» **Work request**:
Set down each record below precisely, skipping the pictures.

Web page caption snippets:

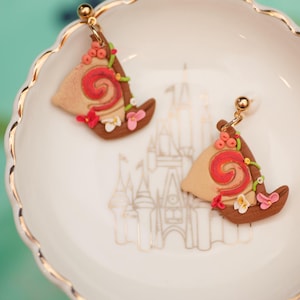 May include: A pair of handmade earrings featuring a tan sail design with a red spiral, brown accents, and floral details. The earrings are displayed on a white scalloped dish with a gold rim.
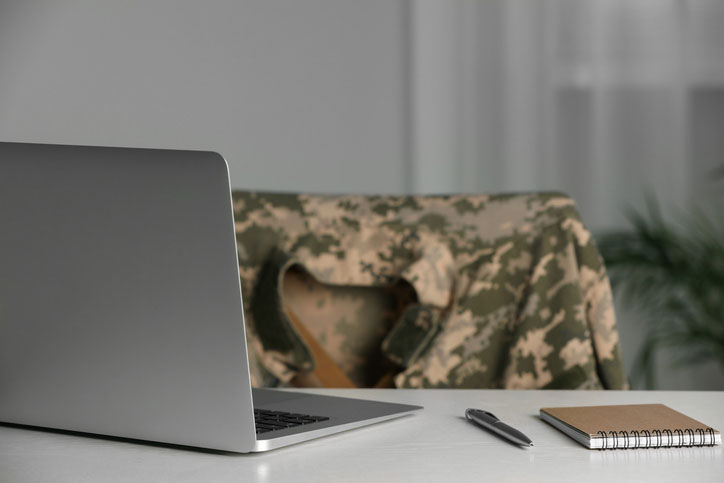 soldier's empty chair and laptop on desk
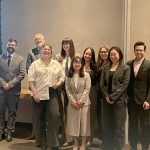 Master of Human Rights program students who just presented their practicum prapers and thesis reports pose for a group photo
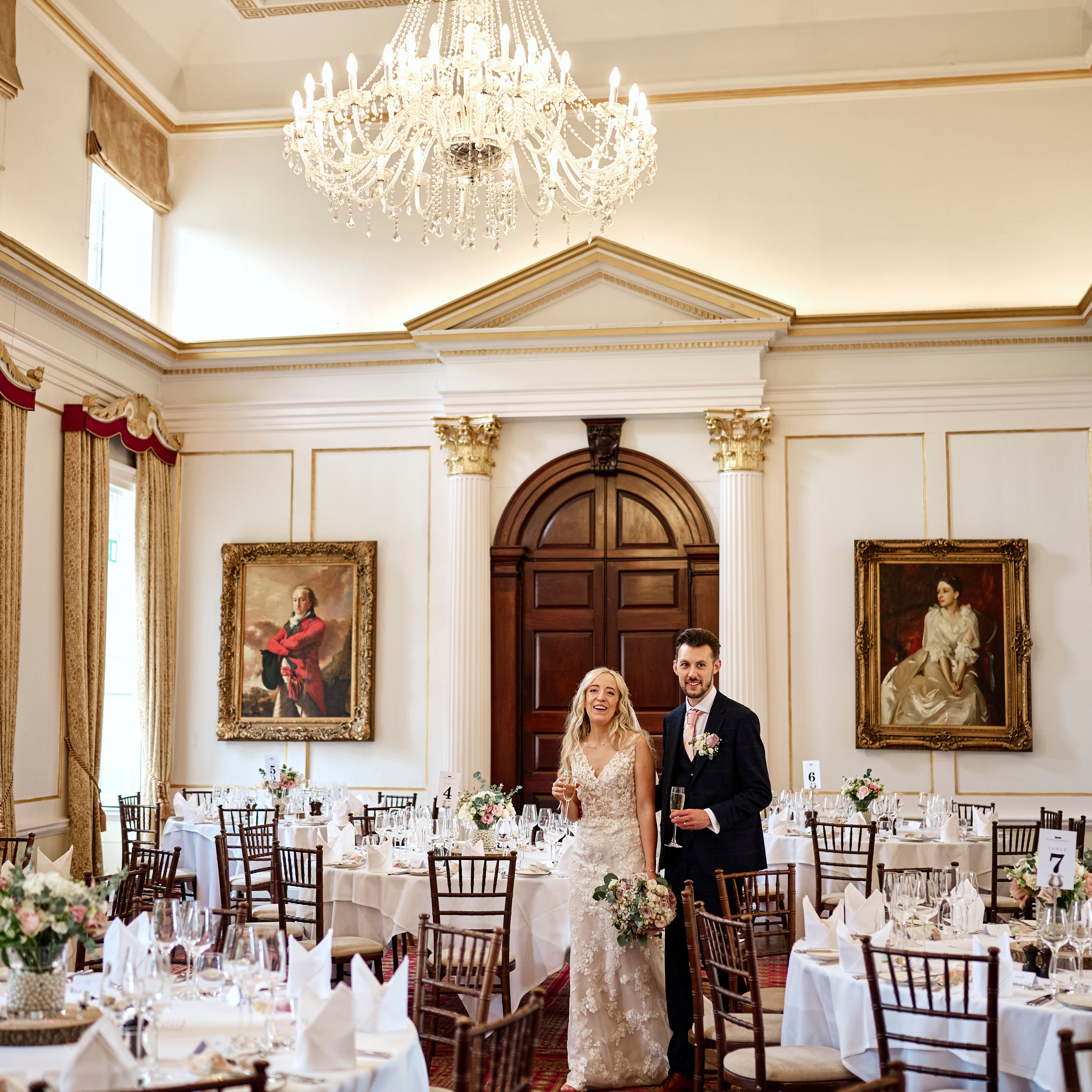 A bride and groom stand together in an elegant, chandelier-lit dining room decorated for a wedding reception.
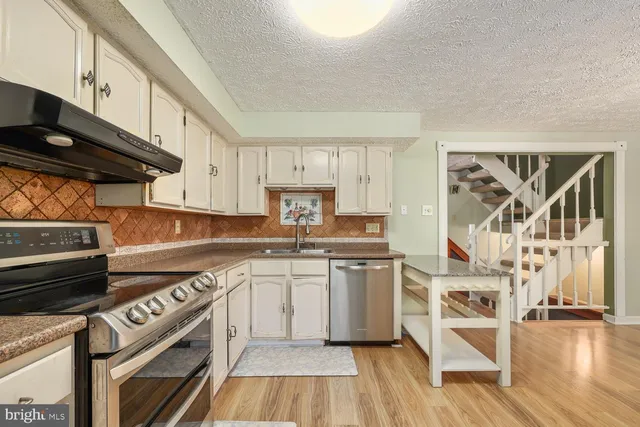 a kitchen with a stove a sink and a microwave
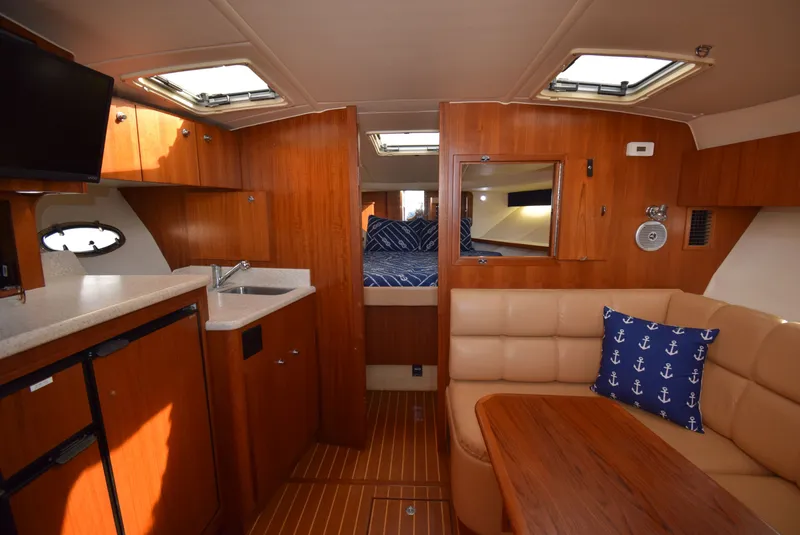 Slide: The Image of Interior of 2001 Tiara Yachts 3500 Open with kitchen and seating area. - 28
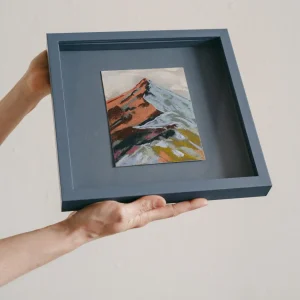 Blue coloured square framed pastel study of a colourful mountain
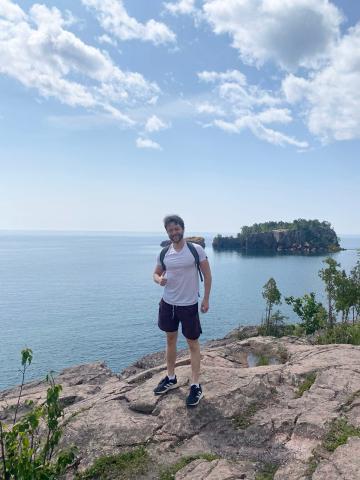 Andrew Kieffer stands on a rocky outcropping overlooking the ocean.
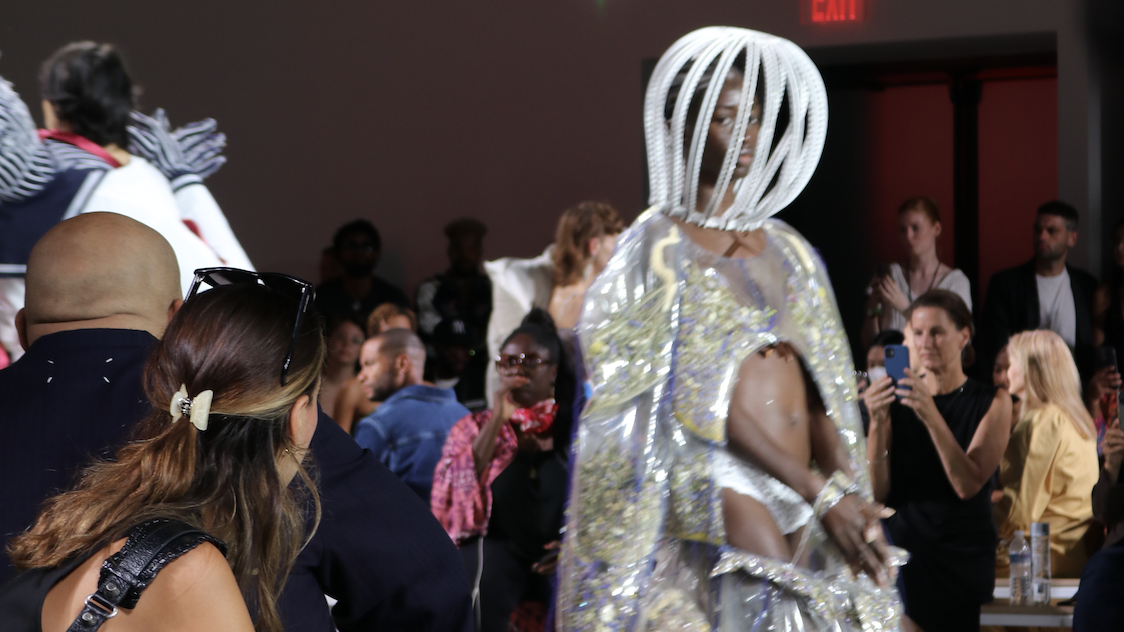 A crowd watches a model walking in a white headpiece and gold vinyl dress.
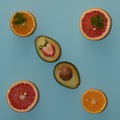 Symmetrically arranged tropical fruit and leaves, with half strawberry on beige background. Minimal flat lay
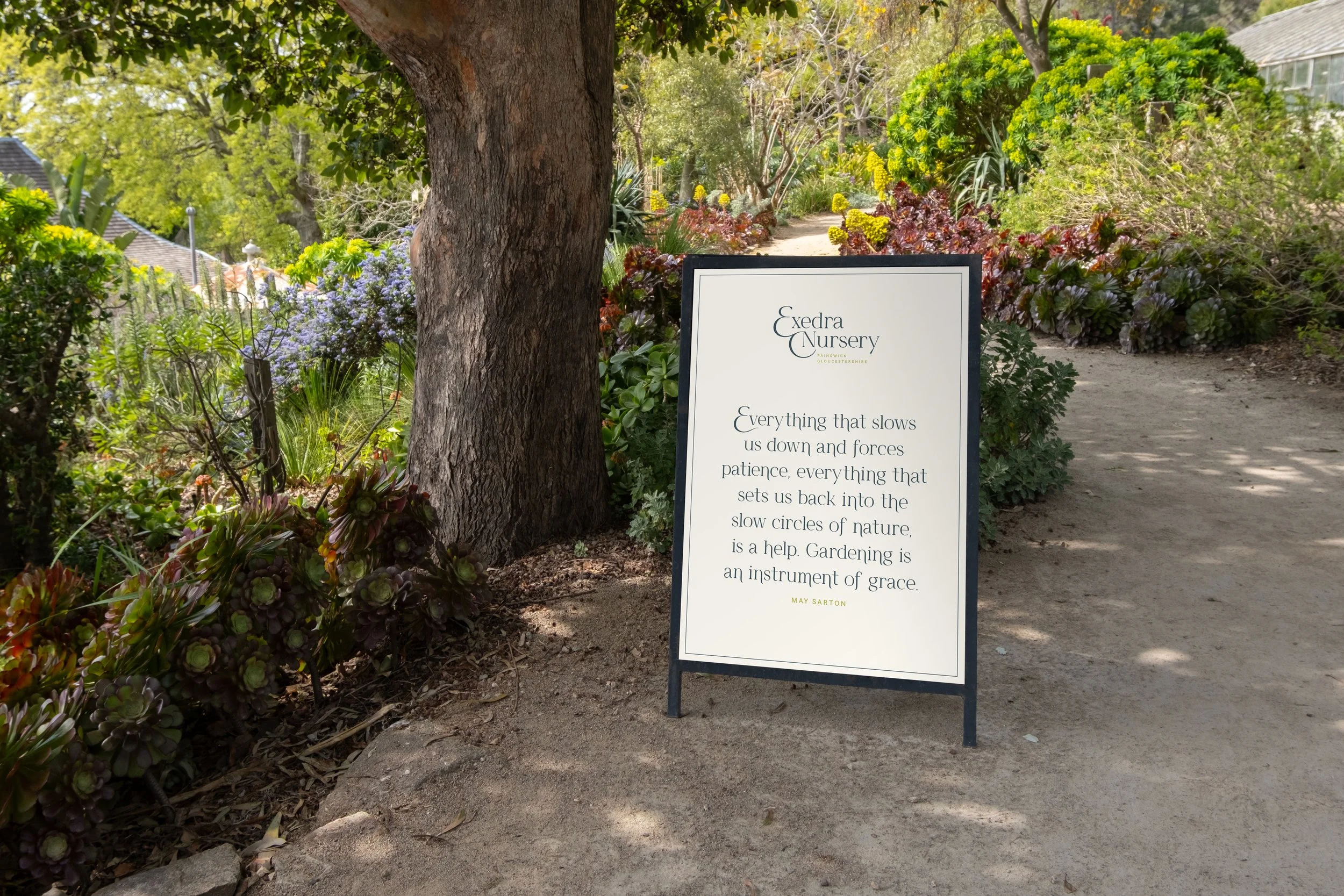 A signboard at the entrance of a garden pathway, with trees and colorful plants on either side.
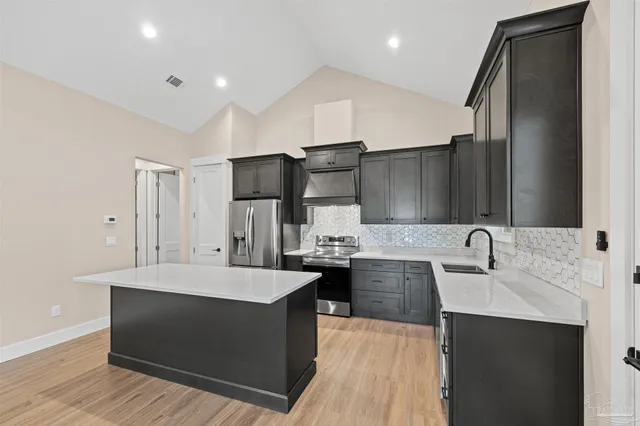 a large kitchen with stainless steel appliances kitchen island granite countertop a sink and cabinets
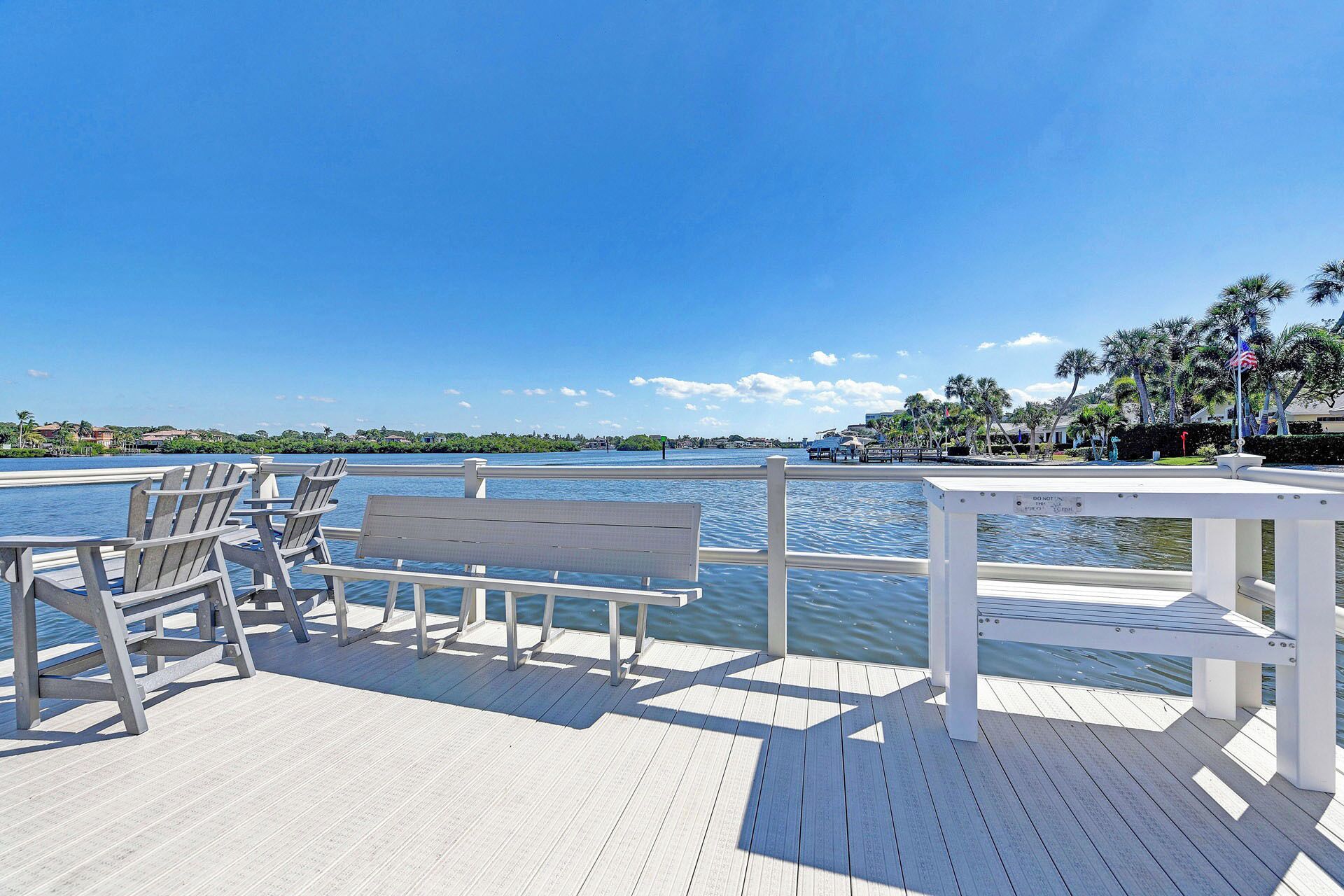 A wooden deck with chairs and a bench overlooking a body of water, with a clear sky above.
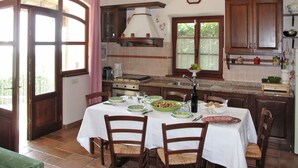 A kitchen with a dining table set for four, equipped with chairs, a coffee maker, and various kitchen appliances. - Villetta degli Orti by Interhome (Gombitelli)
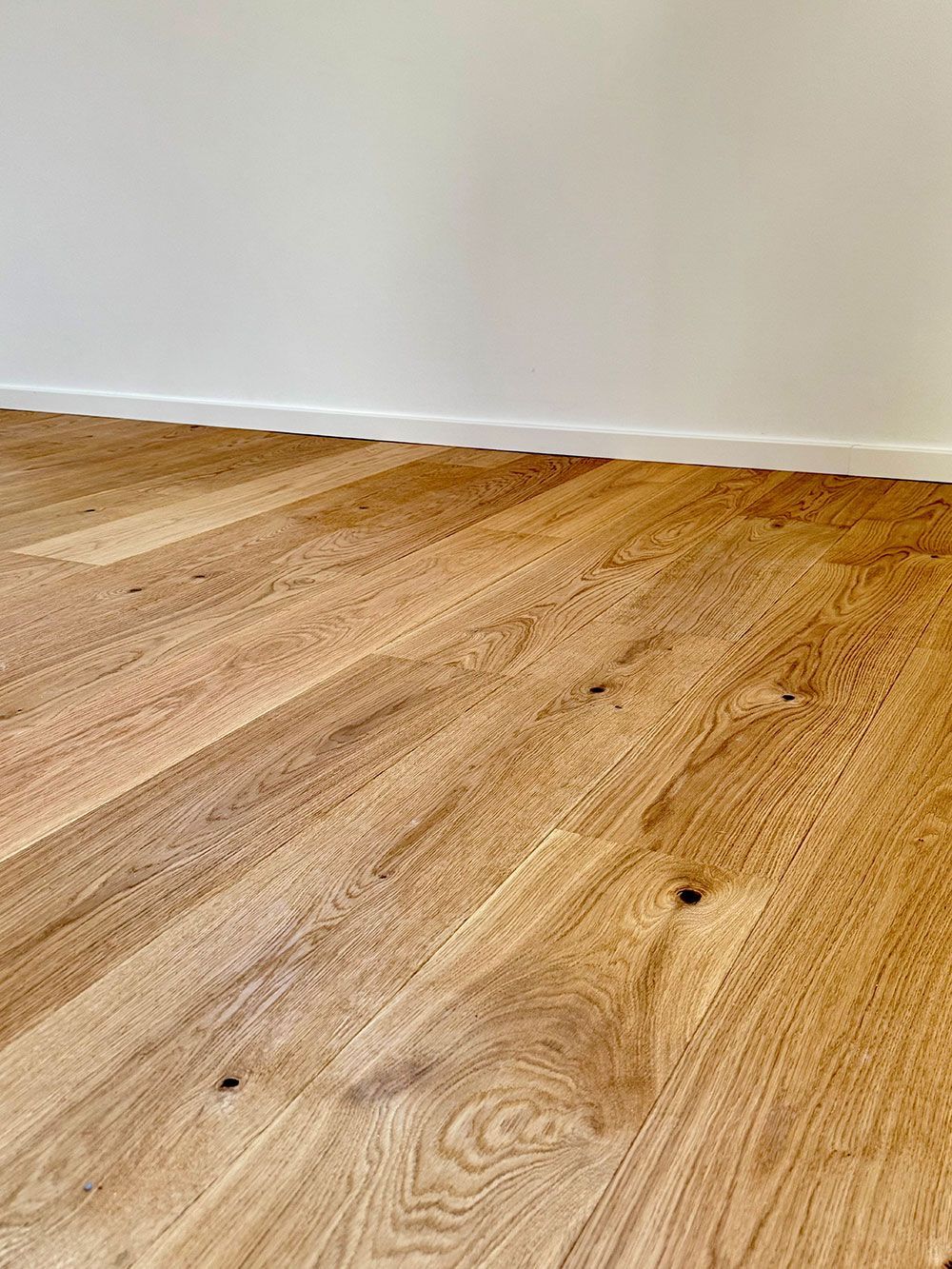 Holzboden im Fischgrätmuster neben einer weißen Wand und Fußleiste.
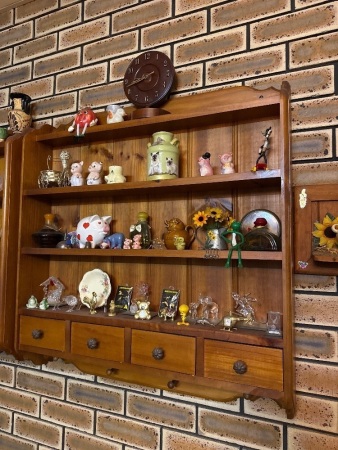 Assorted items on wall hanging shelves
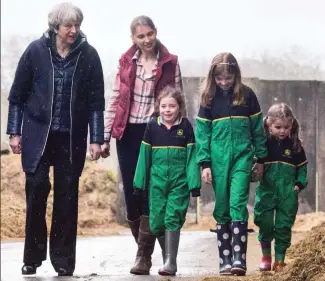  ??  ?? On the farm: With Susanne Jackson and her three girls in Northern Ireland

» **Response area**:
 May include: A pair of handmade earrings featuring a tan sail design with a red spiral, brown accents, and floral details. The earrings are displayed on a white scalloped dish with a gold rim.
 soldier's empty chair and laptop on desk
 Master of Human Rights program students who just presented their practicum prapers and thesis reports pose for a group photo
 A bride and groom stand together in an elegant, chandelier-lit dining room decorated for a wedding reception.
 a kitchen with a stove a sink and a microwave
 Slide: The Image of Interior of 2001 Tiara Yachts 3500 Open with kitchen and seating area. - 28
 Blue coloured square framed pastel study of a colourful mountain
 Andrew Kieffer stands on a rocky outcropping overlooking the ocean.
 A crowd watches a model walking in a white headpiece and gold vinyl dress.
 Symmetrically arranged tropical fruit and leaves, with half strawberry on beige background. Minimal flat lay
 A signboard at the entrance of a garden pathway, with trees and colorful plants on either side.
 a large kitchen with stainless steel appliances kitchen island granite countertop a sink and cabinets
 A wooden deck with chairs and a bench overlooking a body of water, with a clear sky above.
 A kitchen with a dining table set for four, equipped with chairs, a coffee maker, and various kitchen appliances. - Villetta degli Orti by Interhome (Gombitelli)
 Holzboden im Fischgrätmuster neben einer weißen Wand und Fußleiste.
 Assorted items on wall hanging shelves
  ??  ?? On the farm: With Susanne Jackson and her three girls in Northern Ireland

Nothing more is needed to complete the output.